**Problem description:**
Give the entries again exactly as they appear, but without the images.

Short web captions
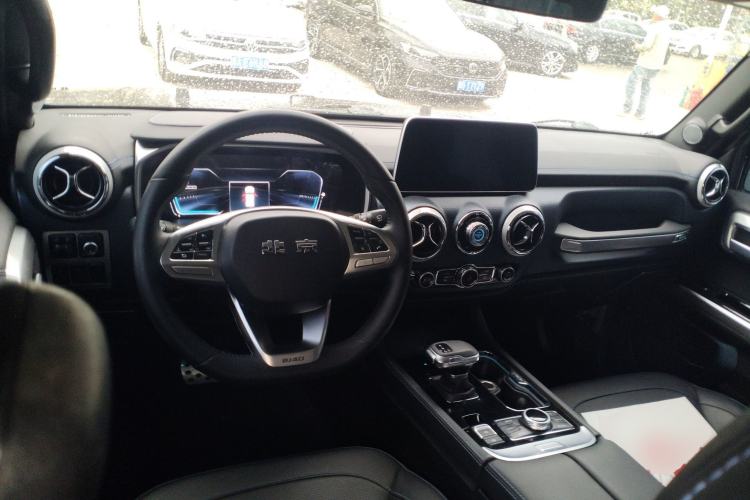 Used BAIC Off-Road BJ40 2024 2.0D Blade Hero Glory Edition Center Console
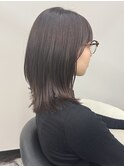 前髪ありピンクブラウンミディアムヘア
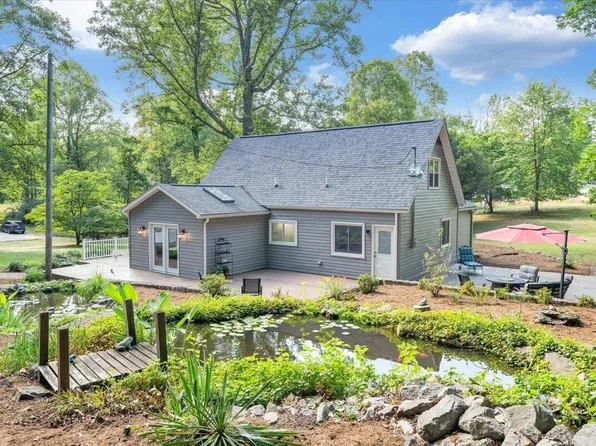 105 Windlass Ct, Moneta, VA 24121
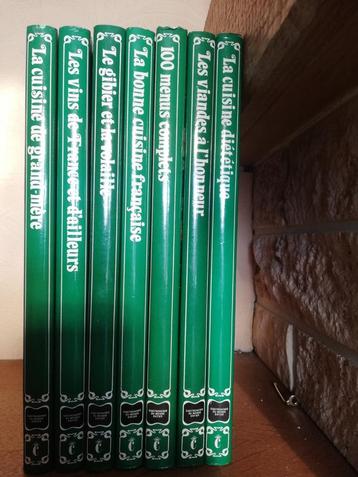 7 receptenboeken, collectie „gastronomie van de wereld”  beschikbaar voor biedingen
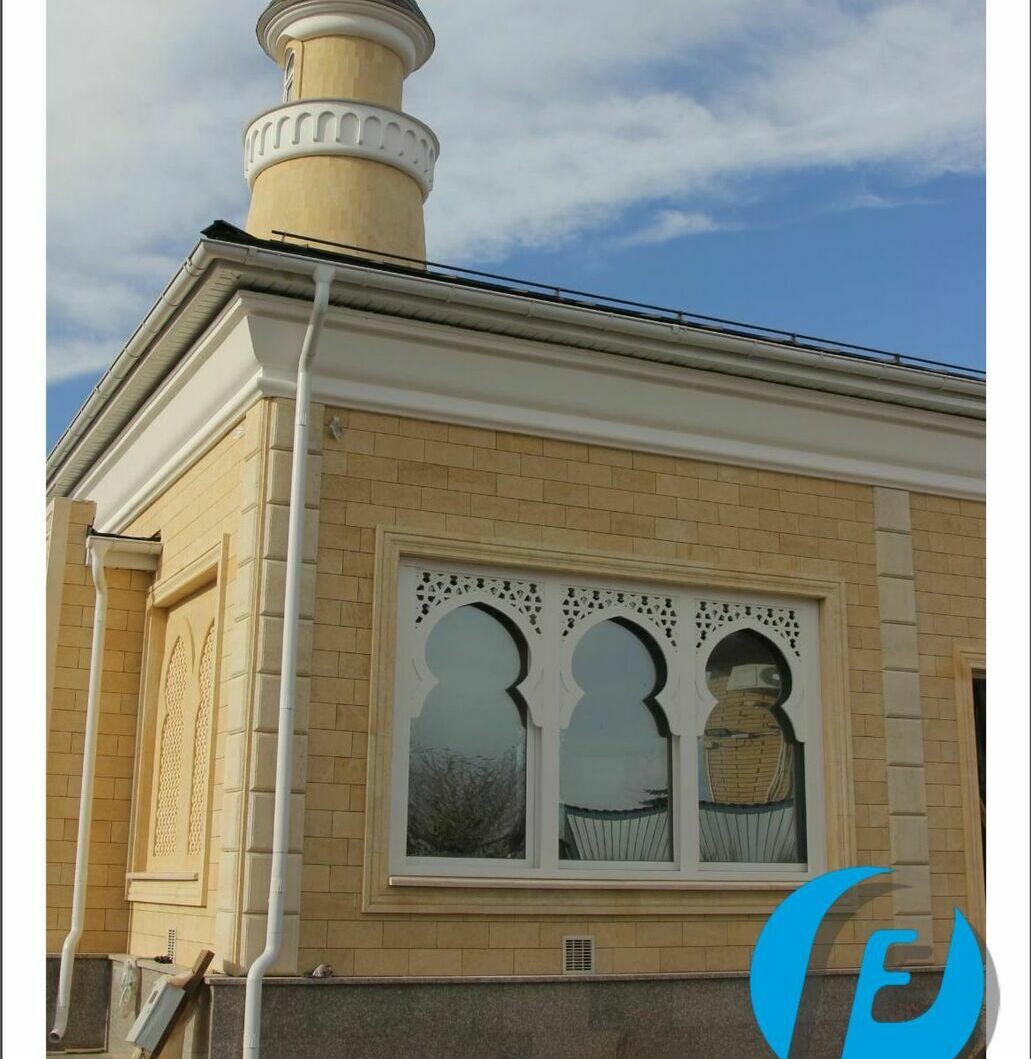 Тройная система декоративных решеток с мусульманским орнаментом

**Answer to the problem:**
 Used BAIC Off-Road BJ40 2024 2.0D Blade Hero Glory Edition Center Console
 前髪ありピンクブラウンミディアムヘア
 105 Windlass Ct, Moneta, VA 24121
 7 receptenboeken, collectie „gastronomie van de wereld”  beschikbaar voor biedingen
 Тройная система декоративных решеток с мусульманским орнаментом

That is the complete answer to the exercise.